A more likely scenario would be a family that had someone succumb to a disease after mortgaging all their assets to the hilt to pay for care and now they are financially destroyed and hounded by collection agencies.
 

EviLore

Expansive Ellipses
Staff Member
It's just this:

Sure, but it should be noted that we do not actually know the killer’s motives or background yet. Many are assuming he is responding to personal tragedy or, as Kosmo called it, perpetrated a “revolutionary act” as if he took the country’s collective suffering on his shoulders and acted for a righteous cause.

Someone willing to do this is probably not a great guy.
 

notseqi

Member
See, for that to be true they would have had to exhaust all the Chairty networks like St. Judes. It would be more like the daughter didn't get some sort of experimental treatment that wasn't fully FDA approved, which kinda makes sense because there is no obligation for an insurance company to pay for EVERY possible treatment, even experimental ones. Thats usually trhe realm of research clinical trials and those can be hard to get in to.
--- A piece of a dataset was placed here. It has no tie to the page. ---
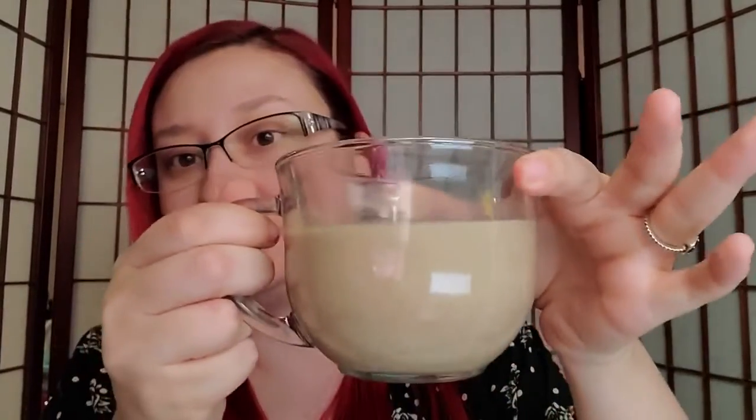How much creamer do you prefer? Do you like a dash? Do you not like creamer at all? I'm probably on the medium to a lot side, so now this is what it looks like. That's really good — may or may not have burned my tongue, but that's really good. I like it. I feel like I still need a little more sweetener — I'm a very sweet person and I like adding sweetener to everything.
A more likely scenario would be a family that had someone succumb to a disease after mortgaging all their assets to the hilt to pay for care and now they are financially destroyed and hounded by collection agencies.
we can workshop the script but no family member of mine would be checking out due to errybody in the family shrugging because the cost is too high, i just kept the motive short n sweet

Someone willing to do this is probably not a great guy.
desperation and deeply held anger due to loss is probably the only thing i could empathize with, thats why I posted the video of Chris Rock saying 'I wouldnt do it but I understand why somebody would'
I think that many posters in here on the side of 'why do you enjoy this guy getting killed' are equating the amount of glee or empathy displayed by others with a 'yeah lets do em, boys' attitude, which I would not accuse all of the good people in here of.